ICD <=> Kernel communication

We can register two type of driver: a DOD driver using DxgkInitializeDisplayOnlyDriver and DxgkInitialize. Windows will then know which kind of features each driver can support (fine tune will be done using query callbacks). Both drivers can implement DxgkDdiEscape. Great, we will fool Windows and use this DOD as a fully featured 3D driver ! WRONG !

Setup of the ICD part, sending everything through our escape functions ? check. But return values seams off. After investigation, and any function taking a userland buffer, I came to a conclusion: OpenGL ICD part cannot communicate with a DOD driver. Windows knows we are display only, and fall-back our ICD calls on it’s own driver.

So now, what’s the plan ? Let’s put this problem aside, and try to focus on the real part: create proper commands for the host.

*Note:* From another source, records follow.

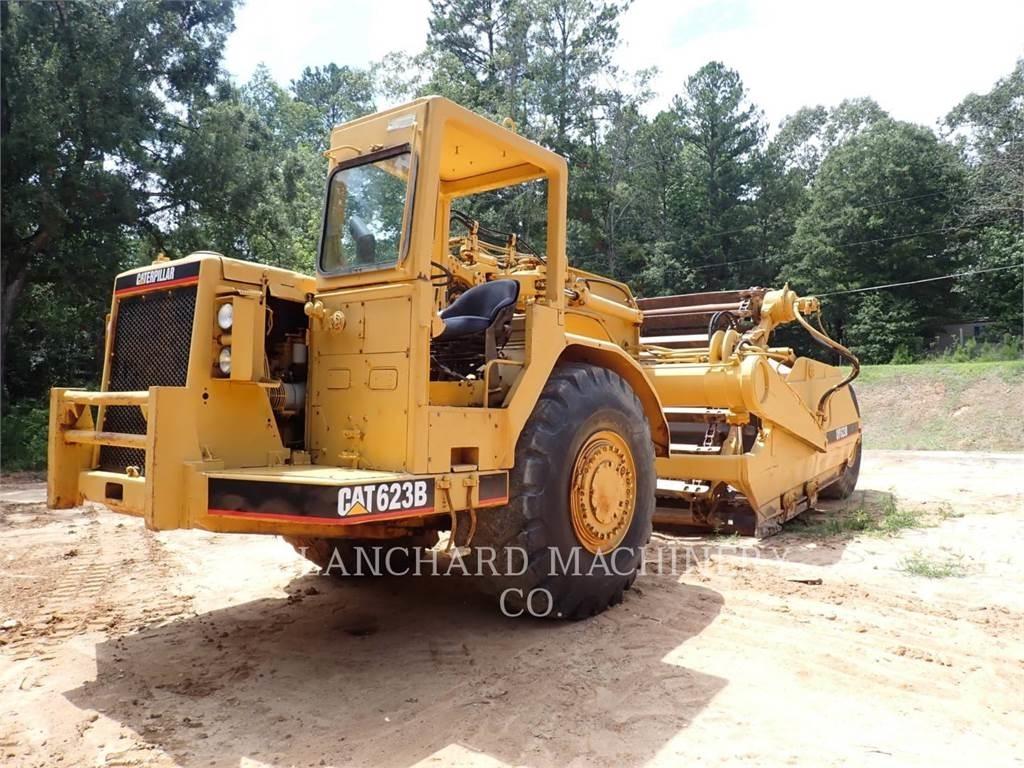 CAT 623B Ruspe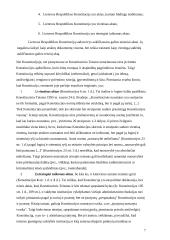 Lietuvos Respublikos Konstitucija (Referatas) 7 puslapis
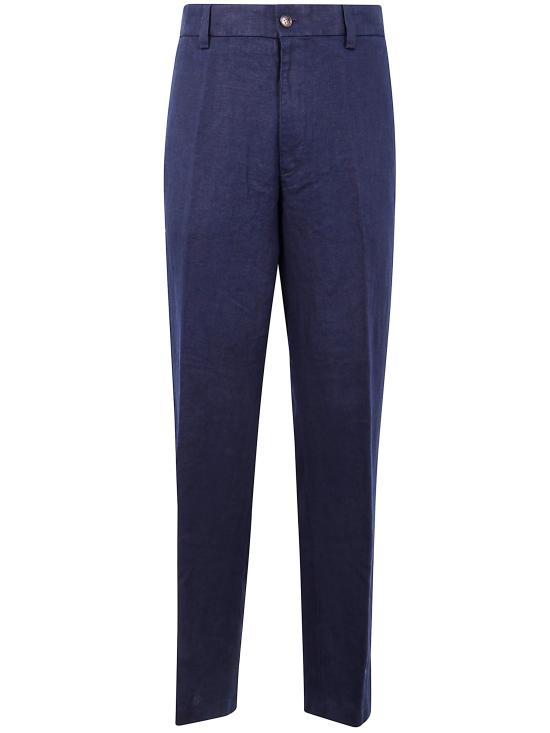  마이클 코어스 스트레이트 팬츠 CS5304BBEY 401 BLUE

GSoC 2017 - Project presentation

Thu, 11 May 2017 00:00:00 +0000

On my arrival at the lab, I started a little project: working on a display only driver for Windows. A good way to start learning what was hidden under the hood of an OpenGL application. Google Summer of Code 2017 arrived, and subject were published. Among these, QEMU’s ‘Windows Virgl driver’. Great ! Let’s apply !

Applications closed early April. I took a look at the already existing DOD driver (non official repo)

and also decided to learn a bit more about Vulkan. Results came, and I was selected, excellent !

Mission

The idea is to bring 3d acceleration on Windows guests running with QEMU. Using VirtIO devices and Virgl3d.

Context

On this stack, we can work on three parts: opengl32.dll, ICD and Miniport driver.

OpenGL32.dll is just a dynamic library used to communicate with out runtime driver.
ICD: this is the OpenGL implementation. This part is the equivalent of Mesa on Linux.
Miniport-driver: this is the kernel driver. Hardware specific, we are going to do our hypercalls here.

Problems

Windows is not open source. We have some basic ideas about D3DKrnl subsystem behaviour, but nothing is certain.
To develop a complete OpenGL state tracker is a lot of work.
Virgl3D takes some calls, and bytecode for shaders, re-translate it to GLSL, and call OpenGL again. Which means we will do the same work twice. Once on the host, once on the guest.